President defines Freedom of Religion as Freedom of Worship

From his remarks at the Iftar dinner on the 10th of August, 2012:

Of all the freedoms we cherish as Americans, of all the rights that we hold sacred, foremost among them is freedom of religion, the right to worship as we choose.  It’s enshrined in the First Amendment of our Constitution — the law of the land, always and forever.

No, Mr. President, Freedom of Religion is not only “the right to worship as we choose.”  Freedom of worship is an anemic shadow–it is the right to worship in the privacy of our homes and in our churches.  Freedom of Religion, which is what is protected by the First Amendment, is much more robust.  Freedom of Religion includes the Freedom of Worship, but much more as well.  It is the right to live and practice our faith in the public square–at work, while shopping, at public events, at school–anywhere and everywhere.
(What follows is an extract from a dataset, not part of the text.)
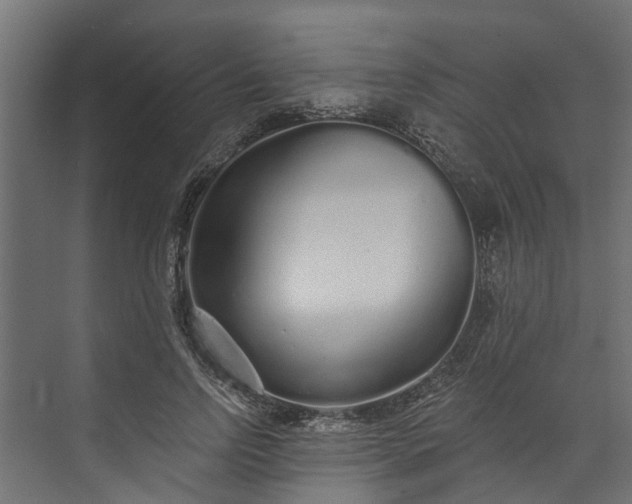 X0000073930742200608251615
Even the United Nations gets it right.  Article 18 of the U.N. Universal Declaration of Human Rights:

Everyone has the right to freedom of thought, conscience and religion; this right includes freedom to change his religion or belief, and freedom, either alone or in community with others and in public or private, to manifest his religion or belief in teaching, practice, worship and observance.

This is not Freedom of Worship.  Notice the right to “manifest his religion or belief in teaching, practice, worship, and observance.”  That is Freedom of Religion.
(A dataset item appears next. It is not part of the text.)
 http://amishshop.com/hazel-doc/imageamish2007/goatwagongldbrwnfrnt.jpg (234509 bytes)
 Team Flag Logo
Am I being paranoid?  Let us remember that the President’s public remarks, especially at a formal White House event, are carefully crafted and edited.  These are not words that just slip in by accident–this is not casual small talk that you and I might make before dinner.  They are reviewed through layers of staff and read from a telepromter.  These are not accidental words.

The Soviet Union had Freedom of Worship.  The United States of America has Freedom of Religion.  That is, we will have Freedom of Religion as long as we are willing to defend it.